▶ PROMPT
Each line from the one with "年轻女性Photoshop插画肖像图片素材" through the last line of the material is to be printed exactly; no other line and no picture belongs in the copy.

▶ SOURCE MATERIAL
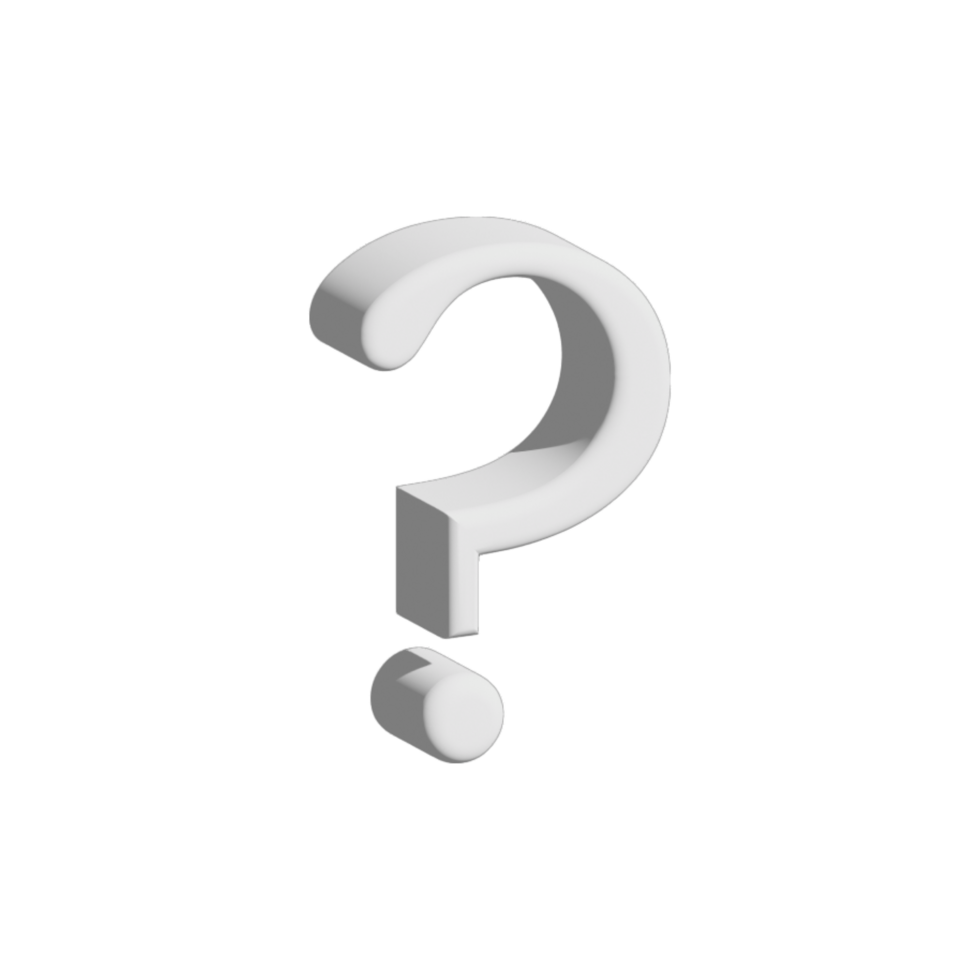 White 3D question mark transparent background png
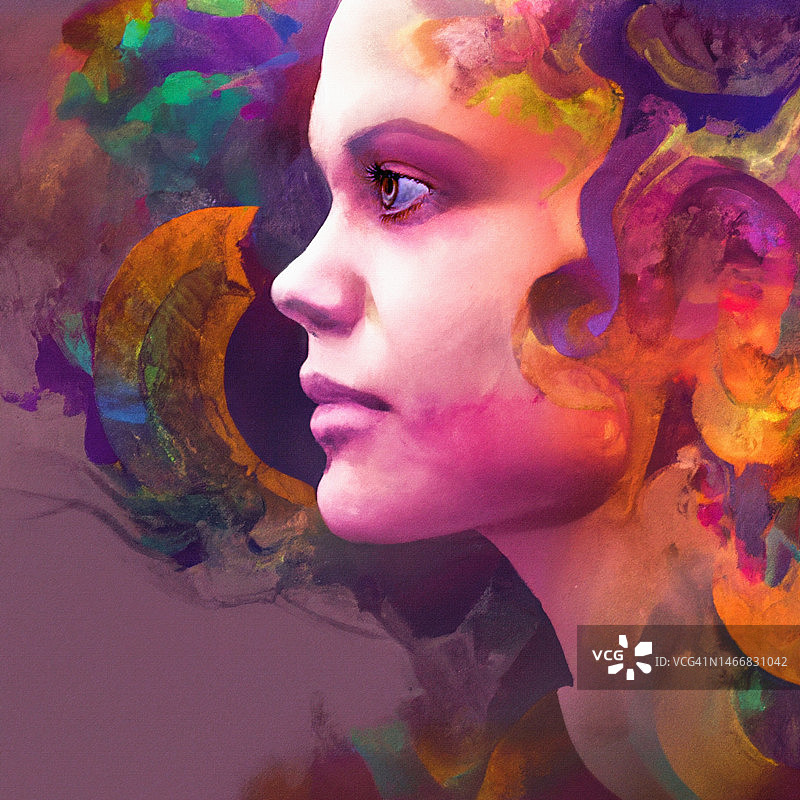 年轻女性Photoshop插画肖像图片素材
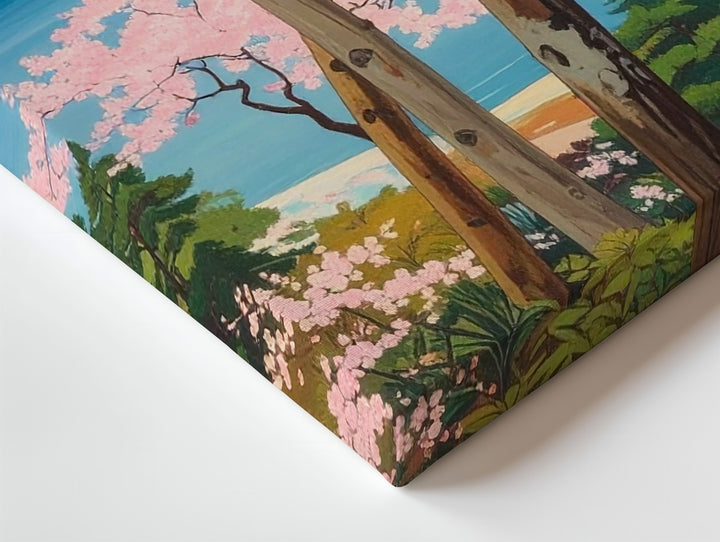 Pines & Cherry Blossoms Canvas – Classical Japanese Spring Lake Scene - Gifitto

▶ PROBLEM SOLUTION
 年轻女性Photoshop插画肖像图片素材
 Pines & Cherry Blossoms Canvas – Classical Japanese Spring Lake Scene - Gifitto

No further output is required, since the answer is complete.